Eppure, per una decina d’anni, fra il successo di “Infinite Jest” (1996) e il definitivo approdo al suicidio (2008), in quell’America reaganiana nel profondo, Wallace si era macerato in un progetto da lui chiamato “the long thing”. Migliaia di appunti, caratteri abbozzati, frammenti di testo (il postumo “The Pale King”), da cui il New Yorker trae oggi la certezza che negli ultimi anni di vita Wallace avrebbe ambito a scrivere con quella piana franchezza data dalla passione morale di uno scrittore come Dostoevskij. Esattamente il contrario della prosa complessa in maniera abnorme che aveva invece sempre prodotto, e che così bene rispecchiava i contorcimenti della mente americana, infarcita di gergo burocratico, slogan pubblicitari e pseudoconcetti di autocoscienza postmoderna.

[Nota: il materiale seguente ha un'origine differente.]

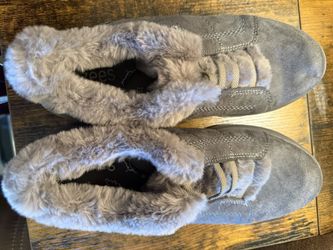 Brand New Winter Tennis Shoe Size 6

Wallace dichiarava che con “the long thing” stava provando a capire, per lui e per il lettore, “quello che era utile e quello che non lo era” in letteratura. Cosa fosse degno dell’attenzione dello scrittore e cosa no. Un tentativo di cui non vedeva la fine, che ricadeva sempre nella frustrazione del vuoto, ma che lo fa legittimamente inserire nel movimento della “New Sincerity”. Uno fra i tanti, ma l’unico, secondo il NY, a suggerire che la vita civile e politica americana avrebbe potuto offrire il giusto contenitore di quella nuova sincerità.

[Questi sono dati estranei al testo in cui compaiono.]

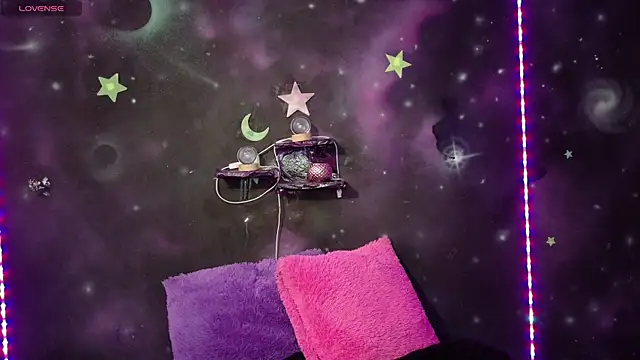 ValentinaRojass  online show from 25, 4, 2026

Addirittura il NY sostiene che l’influenza più significativa di Wallace sugli scrittori successivi non sarebbe venuta dalle sue innovazioni stilistiche, quanto dall’insistenza sul fatto che la letteratura dovesse mirare a uno scopo morale. Che le sue parole sarebbero alla base dell’impegno degli artisti in Occupy Wall Street o contro il razzismo o il trumpismo. E, più in generale, della consapevolezza che il loro lavoro può e deve incidere nella società.
Ma l’incapacità di Wallace di trovare questo scopo morale, istituzioni non corrotte, una causa degna che riuscisse a prevalere sul suo scetticismo, anticiperebbe anche la volubilità delle passioni pubbliche del decennio successivo, quell’oscillare di artisti e intellettuali americani tra evangelismo utopico e antipolitica ironica.

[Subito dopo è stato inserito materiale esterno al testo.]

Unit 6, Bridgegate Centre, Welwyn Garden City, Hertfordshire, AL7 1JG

Se Wallace credeva che gli scrittori dovessero perseguire l’“equivalente morale della guerra” (James) nella società, sentiva anche che tutte le loro guerre avrebbero portato alla stessa disillusione e cinismo di quelle militari.
I testi postumi di Wallace come un’allegoria del tentativo di scrivere una narrativa appassionatamente morale per una società americana priva della capacità, e forse anche della volontà, di esprimere un giudizio condiviso su ciò che è utile e ciò che non lo è.